In relation to how shared mental states come about, it is opportune to specify the role played by mutual looks and other reciprocal communicative gestures. According to the conception of communication as “social act” (Husserl, 1973b; Schmid, 2005; Eilan, n.d., 2020; Vincini and Staiti, 2023; cf. Cornejo, 2008), an individual look at another person, or another individual gesture that aims to establish a connection with another person, is not an instance of communication, but rather a “communicative bid” (Vasil et al., 2020) that can engender it. As a kind of “social act,” communication occurs only when the gesture is reciprocated through some form of uptake (Schmid, 2005; Eilan, n.d., 2020). On this conception, communication itself is thought to be a joint action—a form of shared intentionality²⁰—and, the fundamental nature of communication is revealed by the etymology of the word: communication is fundamentally a “community creating” act (Husserl, 1973b, p. 473), an act of “communing” (Eilan, n.d.). Communing is realizing a “thought, or experience,” that is possible only if both “you” and “I,” i.e., “we,” participate in it (Eilan, n.d., p. 15). As Eilan (n.d., p. 13) specifies, the participants in a communing act share “the same experience.”
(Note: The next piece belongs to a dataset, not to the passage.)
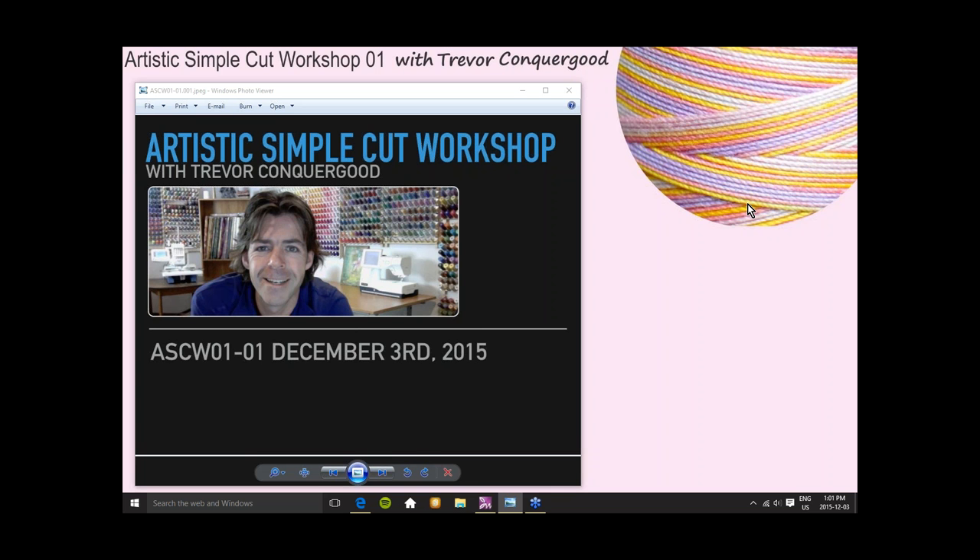Hi, and welcome to today's class, which is the Artistic Simple Cut Workshop. It's with me, Trevor Conkergood from Sunset Stitches. I'm super excited for today's class because this is our first class in a new series specifically for Artistic Simple Cut users, featuring the amazing Artistic Edge Digital Cutting Machine.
How do communicative bids bring about “communing,” i.e., how do they bring about shared mental states? A communicative bid—a look, a smile, a vocalization, a pointing gesture, etc.—engenders an attuned embodied response in the addressee—a look or a smile back, an attuned vocalization, a look in the direction of the pointing, etc. This exchange is the beginning of a pattern that both interactants, e.g., infant and caregiver, have acquired.²¹ The similarity of the embodied responses and their occurrence in accord with a relatively stable pre-delineated pattern is such that interactants experience the embodied experiences of self and other as parts of a unitary mental event that develops over time: a dyadic emotion, the shared goal of playing together, the joint attentional state to a novel toy, etc. When the unfolding of the attuned pattern is interrupted, the interactants’ expectations are disappointed. For example, in a joint attention routine, 12-month-olds become disgruntled both when (i) their adult partner does not shift the focus of attention back and forth between the infant and the infant’s referent, and when (ii) the adult does not provide a symmetrical (aligned) emotional response (Liszkowski et al., 2004; Carpenter and Liebal, 2011). The idea that humans have a fundamental motivation to engage in these kinds of shared patterns has been emphasized not just by Tomasello (2019), but also in Tronick et al.’s (1998) developmental-scientific version of the straightforward view.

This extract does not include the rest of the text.